Sustainable and scalable cards business requires a judicious mix of “revolvers” and “transactors”.
Sustainable and scalable cards business requires a judicious mix of “revolvers” and “transactors”. Our analysis of the sector data suggests that HDFC Bank has managed to keep revolving loans at a disciplined 40%+, that of ICICI Bank has improved while for IndusInd Bank has deteriorated in the last 4-5 quarters.
The concept of “revolver” is core to generating interest income from cards business. “Revolvers” usually make the minimum monthly repayments or part payments, and therefore bear the interest rates.

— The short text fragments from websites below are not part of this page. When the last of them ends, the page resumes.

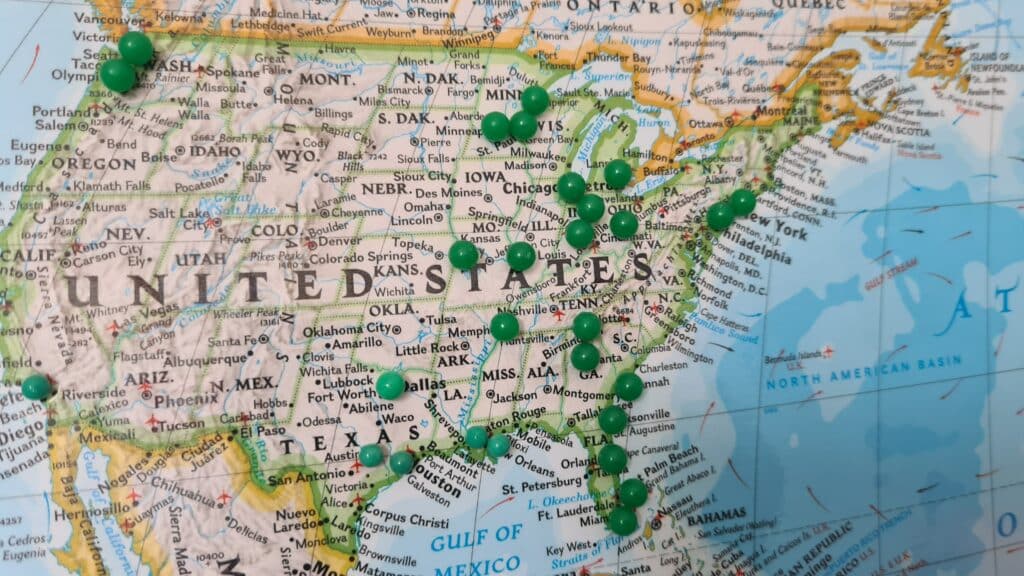 Map of the United States with green push pins on it
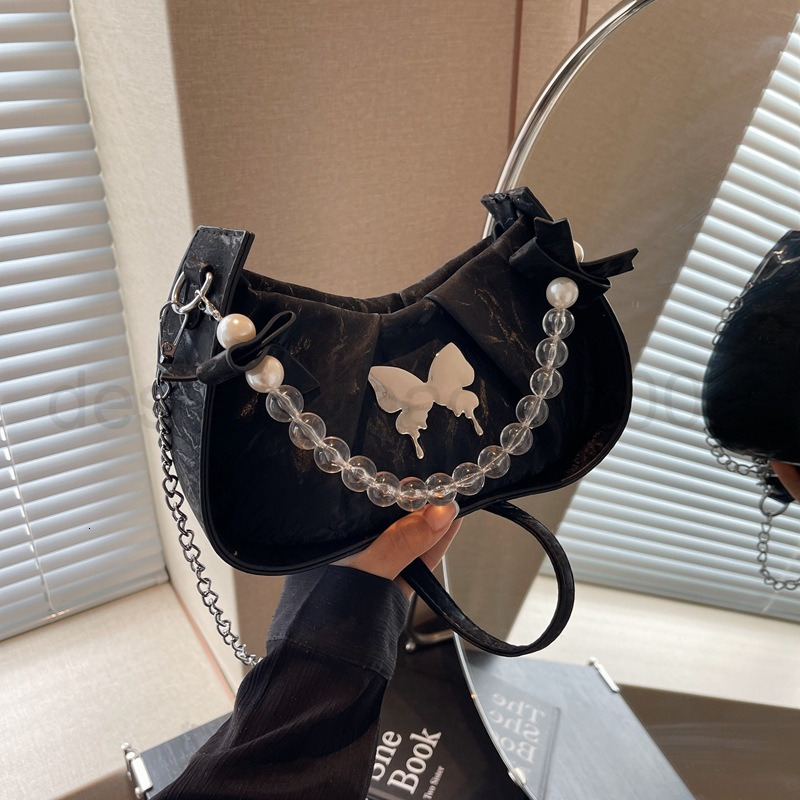 Classic Designer Bag Fashion 10a Top Woman Handbagfashion Canvas Bags French Niche Design Womens Butterfly New Style Stylish and Versatile Chain Cross
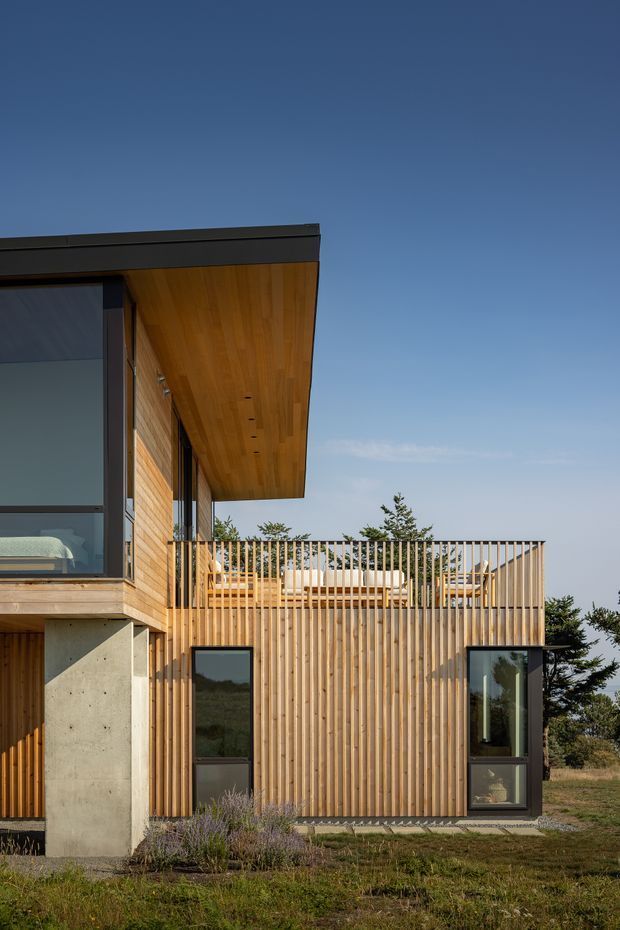 Exterior view of a contemporary timber-clad house with a projecting flat roof and warm timber soffit. The facade combines vertical timber screening and cladding with exposed concrete supports, large dark-framed glazing, and an elevated outdoor terrace with timber balustrades. Sparse coastal or rural planting surrounds the building under a clear blue sky.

“Transactors” pay the full balance off their card each month with banks having to fund the balances for 20-50 days depending on the billing cycle and transaction date. While banks with higher percentage of “transactors” will bleed money, banks with a very high percentage of “revolvers” run the risk of higher credit losses. Only a judicious mix between the two makes the business scalable and sustainable.
Axis Bank’s ratio has been volatile which we believe is a reflection of the bank’s strategy of enticing customers away from revolving their credit card loans on to EMI based personal loans. IndusInd Bank, surprisingly saw a material deterioration in the revolver rate. The latest entrant Yes Bank has so far circulated 3,123 cards as of July ’16 — should be mostly to internal customers and employees, we believe.